Pat Frank, Alas, Babylon


Dock the land yacht, Cap'n:
The gas pirates have raised the black flag

  By Patrick O'Grady
 Mad Dog Media

  GASOLINE PRICES ARE SKYROCKETING AGAIN, and I couldn't care less. Maybe once they hit the $6-per-gallon figure cited in the fabled Bagni Hypothesis, there will be fewer bloodthirsty motorheads sucking my wheel like rubber-freak Draculas before flapping past — generally in a blind corner marked with a double-yellow line — to vanish in a cloud of noxious gases, wild gesticulations and bad noise.

  Imagine it. Rural highways freed of the lumbering commuter traffic that has transformed them from pleasant cycling routes into NASCAR races without skill. Autos grow smaller and more efficient.
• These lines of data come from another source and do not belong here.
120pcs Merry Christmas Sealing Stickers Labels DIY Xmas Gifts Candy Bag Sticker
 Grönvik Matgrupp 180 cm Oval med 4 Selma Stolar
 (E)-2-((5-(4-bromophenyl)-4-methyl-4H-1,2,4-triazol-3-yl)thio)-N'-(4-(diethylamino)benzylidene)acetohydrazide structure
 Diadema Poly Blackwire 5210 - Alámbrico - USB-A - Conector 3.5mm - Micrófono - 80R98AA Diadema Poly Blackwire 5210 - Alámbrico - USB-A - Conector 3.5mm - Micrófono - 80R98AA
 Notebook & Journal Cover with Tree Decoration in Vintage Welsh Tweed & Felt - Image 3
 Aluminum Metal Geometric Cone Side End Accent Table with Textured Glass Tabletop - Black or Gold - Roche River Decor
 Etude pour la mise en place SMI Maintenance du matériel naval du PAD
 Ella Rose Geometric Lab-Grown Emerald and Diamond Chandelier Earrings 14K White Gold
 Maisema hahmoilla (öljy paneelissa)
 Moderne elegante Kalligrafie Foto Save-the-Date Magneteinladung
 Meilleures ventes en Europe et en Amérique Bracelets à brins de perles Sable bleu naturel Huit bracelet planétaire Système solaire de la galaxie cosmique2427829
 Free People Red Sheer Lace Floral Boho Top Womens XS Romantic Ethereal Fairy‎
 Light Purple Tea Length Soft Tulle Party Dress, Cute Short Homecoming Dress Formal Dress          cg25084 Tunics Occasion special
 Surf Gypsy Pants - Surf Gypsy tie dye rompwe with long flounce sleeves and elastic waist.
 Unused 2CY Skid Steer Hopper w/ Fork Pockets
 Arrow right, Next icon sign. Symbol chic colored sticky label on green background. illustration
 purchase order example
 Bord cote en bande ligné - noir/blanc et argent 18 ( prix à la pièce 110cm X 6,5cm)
Pudgy motorists move back downtown, switch to tennies or two-wheelers, and gain a new respect for self-propulsion and their rapidly thinning selves.

  Nah. If $6 gas parks anyone, it will be the working stiffs, the men and women who know how to make things, or do stuff, at wages that make welfare look like winning the lottery. The gentry will keep steering their land schooners between town and country, spending more for a tankful of Saudi gas than I do for a case of French wine, and getting madder and madder and madder, but at the wrong people.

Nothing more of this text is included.